The lines running from the one that contains "Dynamic golf ball" to the end of the records below are what to reproduce, exactly and without pictures.

########

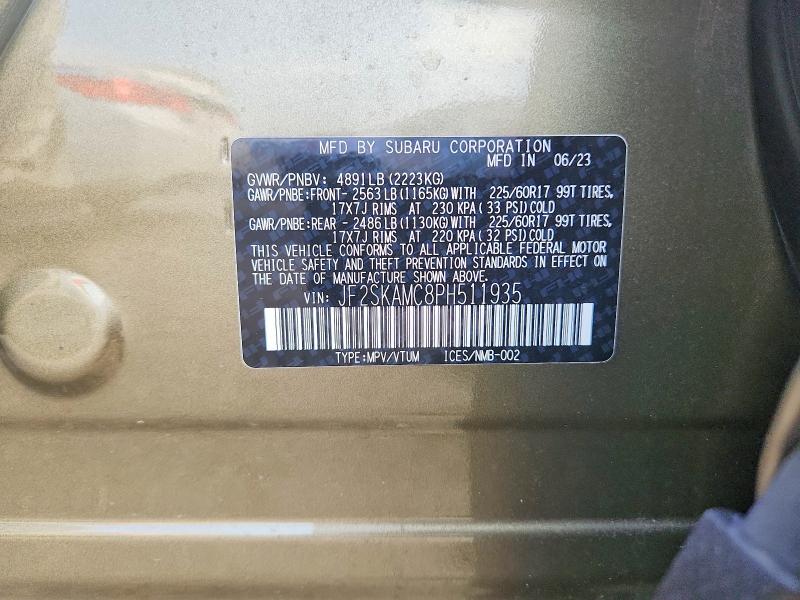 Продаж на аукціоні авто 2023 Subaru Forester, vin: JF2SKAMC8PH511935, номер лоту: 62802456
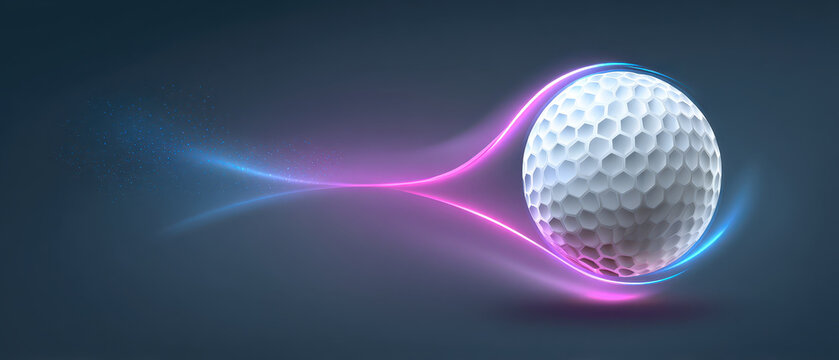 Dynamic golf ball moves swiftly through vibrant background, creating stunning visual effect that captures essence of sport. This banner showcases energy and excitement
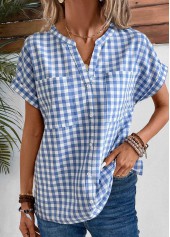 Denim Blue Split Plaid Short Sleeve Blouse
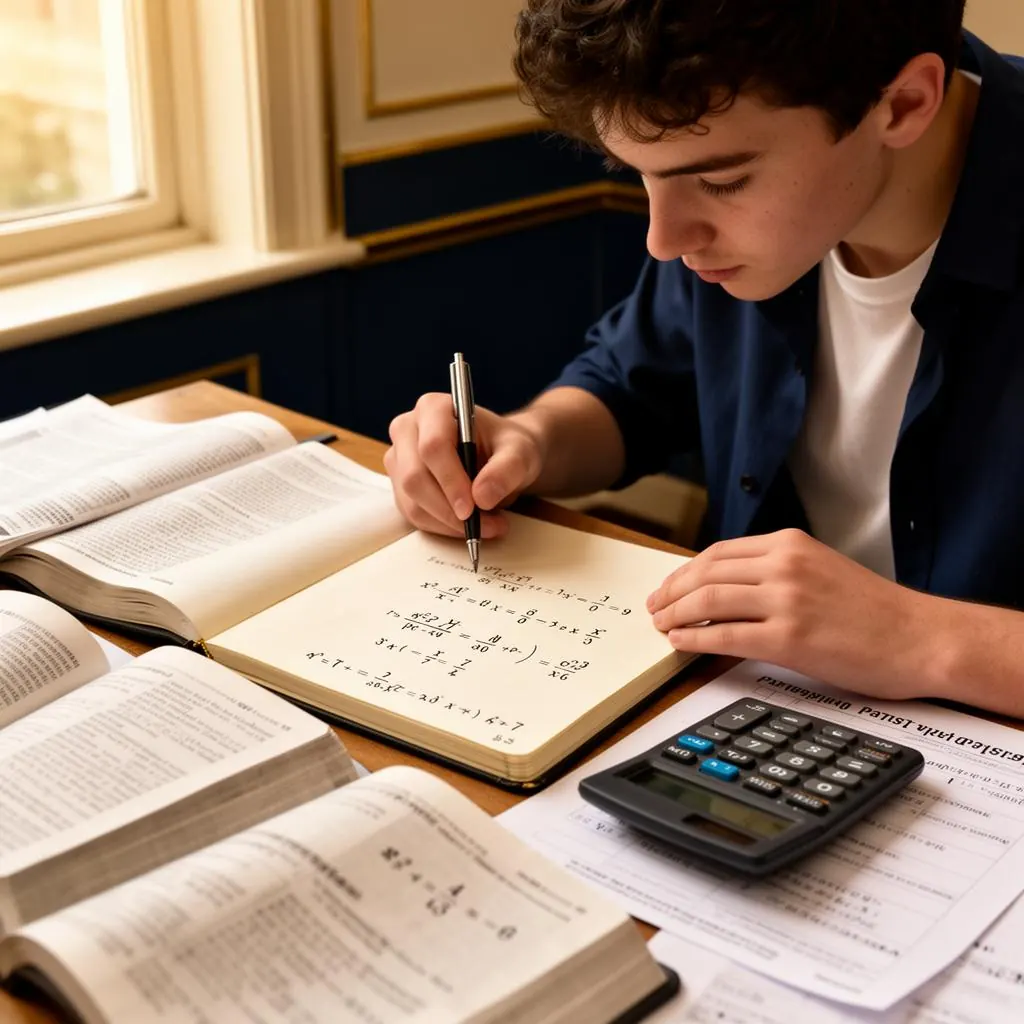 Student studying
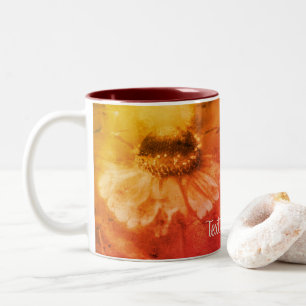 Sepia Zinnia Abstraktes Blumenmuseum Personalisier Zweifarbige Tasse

########

◆ **Written reply**
 Dynamic golf ball moves swiftly through vibrant background, creating stunning visual effect that captures essence of sport. This banner showcases energy and excitement
 Denim Blue Split Plaid Short Sleeve Blouse
 Student studying
 Sepia Zinnia Abstraktes Blumenmuseum Personalisier Zweifarbige Tasse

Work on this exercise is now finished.